═════ The input

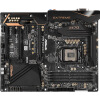 华擎（ASRock）Z170 Extreme4主板( Intel Z170/LGA 1151   )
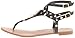 DV by Dolce Vita Women's Darva Gladiator Sandal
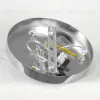 Подвесной светильник Lussole Karnes LSP-8976 LSP-8976 - 6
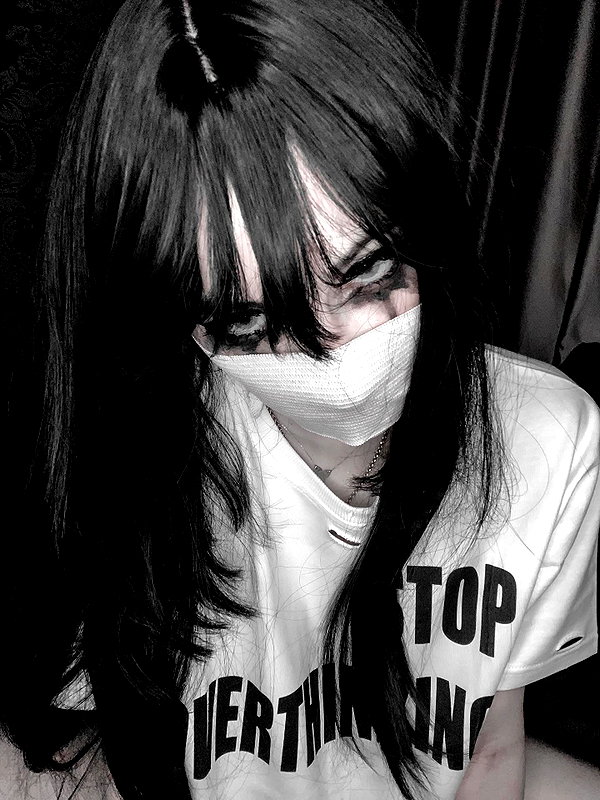 ak1raww instagram image archive image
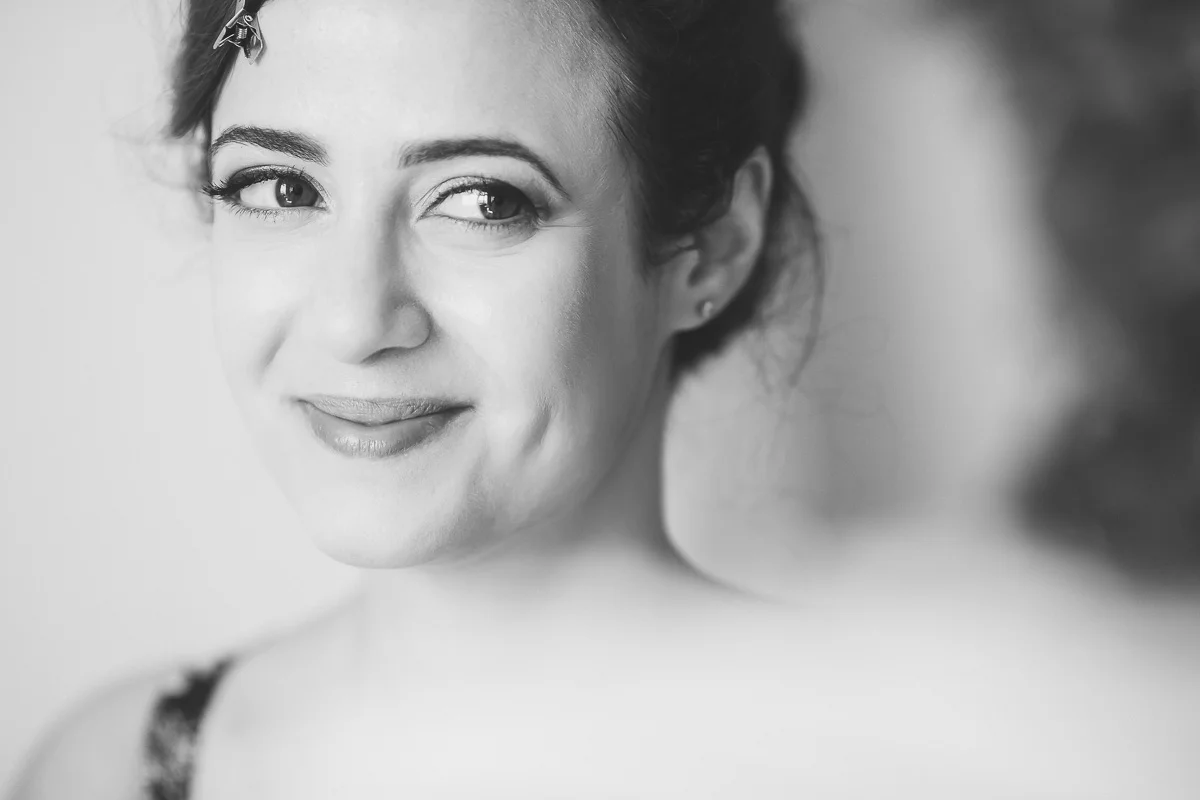 Hakobo & Rotem wedding_66.jpg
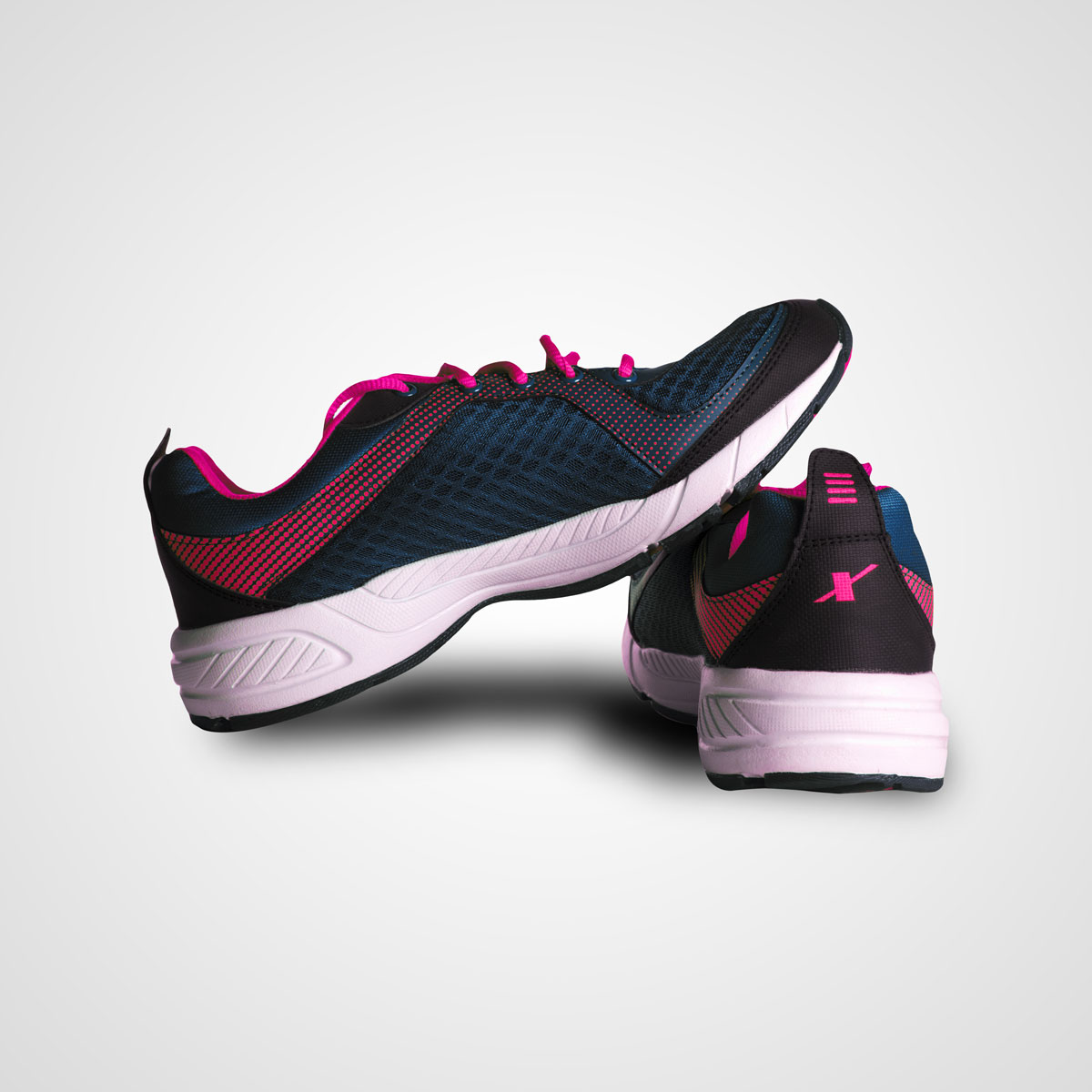 Inicio sports shoe2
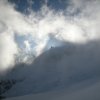 traversee-la-fouly-saleinaz-trient-10
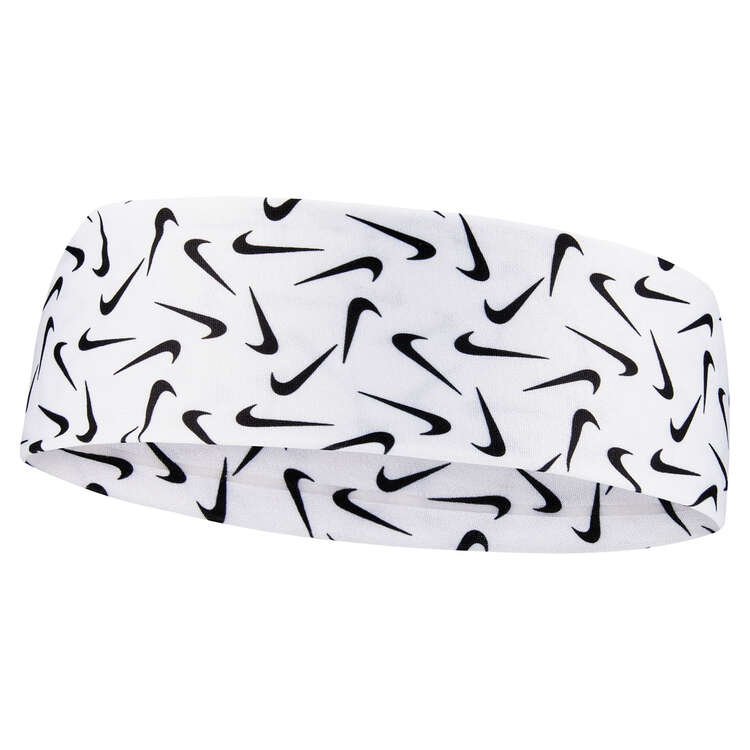 Nike Fury 3.0 Headband, , rebel_hi-res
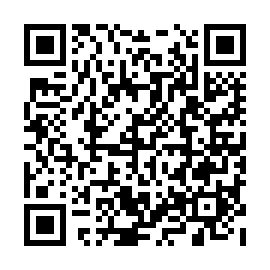 QR 69dbffe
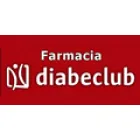 FARMACIA DIABECLUB
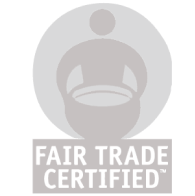 Fair-Trade-300x300-Icon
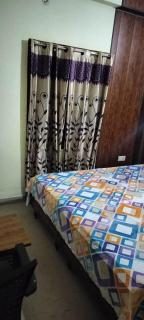 SHRI SHYAM RESIDENCy - Prayagraj - 1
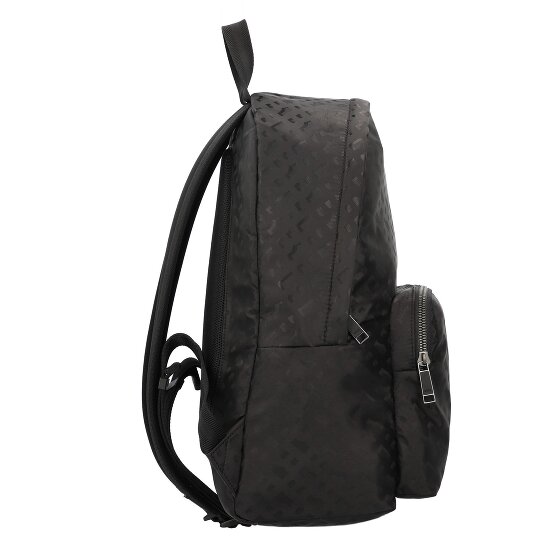 Boss Catch 3.0 Zaino da giorno 42 cm Scomparto per laptop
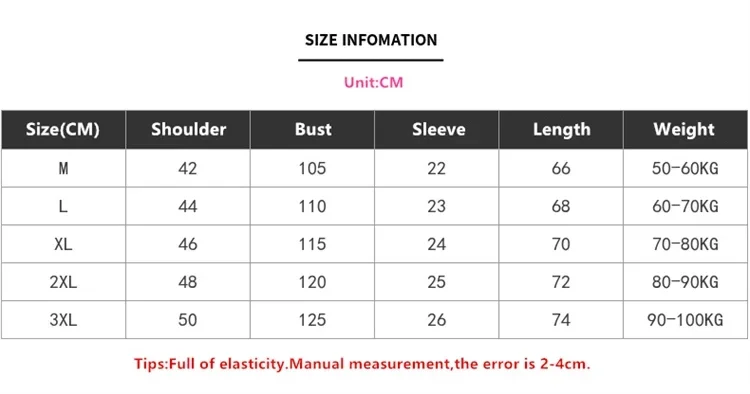 S3d6b94b312374b4d93c696d84af8b514R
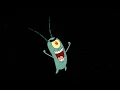 Download Lagu [Broken audio track, Left channel Only] Extraordinary Girl - Green Day Ft. Plankton [AI Cover]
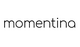 MOMENTINA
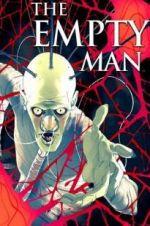 Watch The Empty Man Myflixer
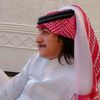 خالد القحطاني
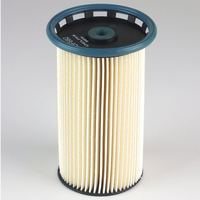 Kraftstofffilter Kraftstoff Filter, Bild 12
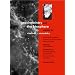 Geochemistry and the Biosphere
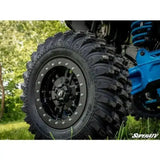 28x10x14 XT WARRIOR SUPER ATV SXS UTV TYREUtv TyresMud Hawgz Uk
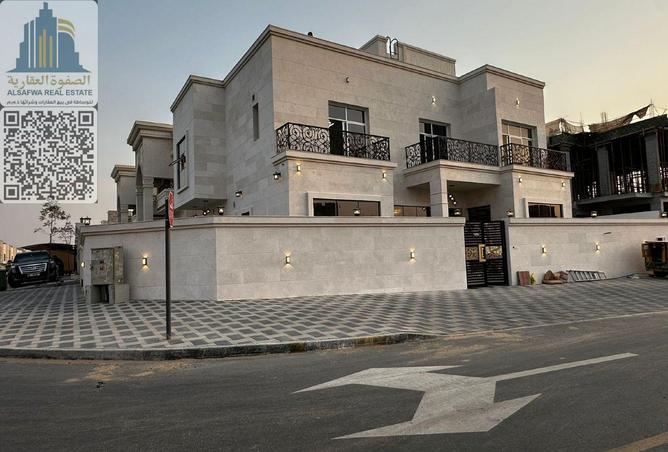 15525113 - الصورة الرئيسية للعقار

══════════

### What you need to do
Every line from the one holding "Kraftstofffilter Kraftstoff Filter, Bild 12" to the last line of the listing above, inclusive, must appear exactly as written, and no picture may appear.

### Task response
 Kraftstofffilter Kraftstoff Filter, Bild 12
 Geochemistry and the Biosphere
 28x10x14 XT WARRIOR SUPER ATV SXS UTV TYREUtv TyresMud Hawgz Uk
 15525113 - الصورة الرئيسية للعقار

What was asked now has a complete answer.